The UBO information is necessarily documented and updated under the responsibility of the legal representative of the company or a person who is authorised by the company. This means that Greek companies need to make inquiries to their shareholders and document the said inquiry. It is important for Greek parent companies to investigate their entire corporate structure and monitor their subsidiaries in which they have a dominant control in order to confirm whether a UBO exists or not. Further it is highly essential to check on a regular basis the local anti-money laundering rules in the countries where the subsidiaries are located.
In addition, the regulation underlines the importance of avoiding any discrepancies on the beneficial ownership information. The companies need to keep accurate UBO information and if any inconsistency is found between the information they have in their records and UBO information already provided to the transparency register, a correction is necessary. The registration of any changes in the transparency register is done within sixty (60) days.

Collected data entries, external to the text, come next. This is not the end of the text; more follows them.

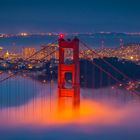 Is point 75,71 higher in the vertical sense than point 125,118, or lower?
higher

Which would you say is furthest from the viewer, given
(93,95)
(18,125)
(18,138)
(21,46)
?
(21,46)

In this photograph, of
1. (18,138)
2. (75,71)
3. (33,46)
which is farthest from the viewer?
(33,46)

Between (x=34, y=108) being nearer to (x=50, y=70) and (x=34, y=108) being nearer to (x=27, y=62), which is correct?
(x=27, y=62)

Aiming for public scrutiny, the transparency register can now be accessed by everyone. This amendment which undoubtedly enhances corporate transparency can create some obstacles difficult to overcome for entities that do not wish to disclose all information on their UBO. It should be noted that a restriction to the access of UBO information is possible upon request of the said person only under specific conditions. For example, in case the full disclosure could set that person liable to be a victim of fraud, extortion, assault or coercion.
Considering these legislative changes, a swift response is necessary. This could be in the form of an internal inquiry towards the shareholders in order to check the entire company group if there is a shareholder who indirectly holds more than 25% in the entity or otherwise controls it. In case the shareholders have previously provided such information, the company needs to confirm whether the same information applies or if there has been a change. The inquiry as well as the answer needs to be evidenced in writing. Documentation is required for any related information provided by the shareholders. This is very helpful as through this inquiry, a discrepancy could be detected. For instance, the information provided by the shareholders might not correspond to the respective information submitted to the transparency register. Also, it is highly possible that the documentation shows a UBO identification which has not been yet disclosed. In both cases, the inconsistency needs to be corrected.

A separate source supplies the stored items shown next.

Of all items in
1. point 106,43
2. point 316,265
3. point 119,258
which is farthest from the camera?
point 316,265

In case a company does not comply with the above requirements, it will be subject to fines that will need to be paid within a certain deadline. In case of non-payment or repeated violations then the fine will be doubled. In order to avoid such consequences, it is advised that companies fulfill their obligations according to the disclosure requirements.

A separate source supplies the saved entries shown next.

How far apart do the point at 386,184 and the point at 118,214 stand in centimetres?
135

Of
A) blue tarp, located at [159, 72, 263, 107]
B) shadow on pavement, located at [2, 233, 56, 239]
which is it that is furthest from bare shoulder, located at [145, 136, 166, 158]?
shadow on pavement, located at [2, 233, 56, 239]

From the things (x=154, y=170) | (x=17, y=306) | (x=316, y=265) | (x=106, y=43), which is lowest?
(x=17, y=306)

The transposition of the 5th EU directive is a significant step towards the fight against money laundering and terrorism financing which attributes a higher corporate responsibility in terms of transparency and widens the scope of compliance obligations. As for future steps, given the transnational character of such activities, the EU member states are now contemplating the implementation of an EU regulation. In particular, the European Commission has formed an action plan for a comprehensive EU policy on preventing money laundering and terrorist financing. The lack of coherent legislation amongst the EU member states requires a profound regulatory framework. Having this in mind and in order to avoid any legislative gaps, the European Commission plans to propose a more harmonized set of rules in the first quarter of 2021.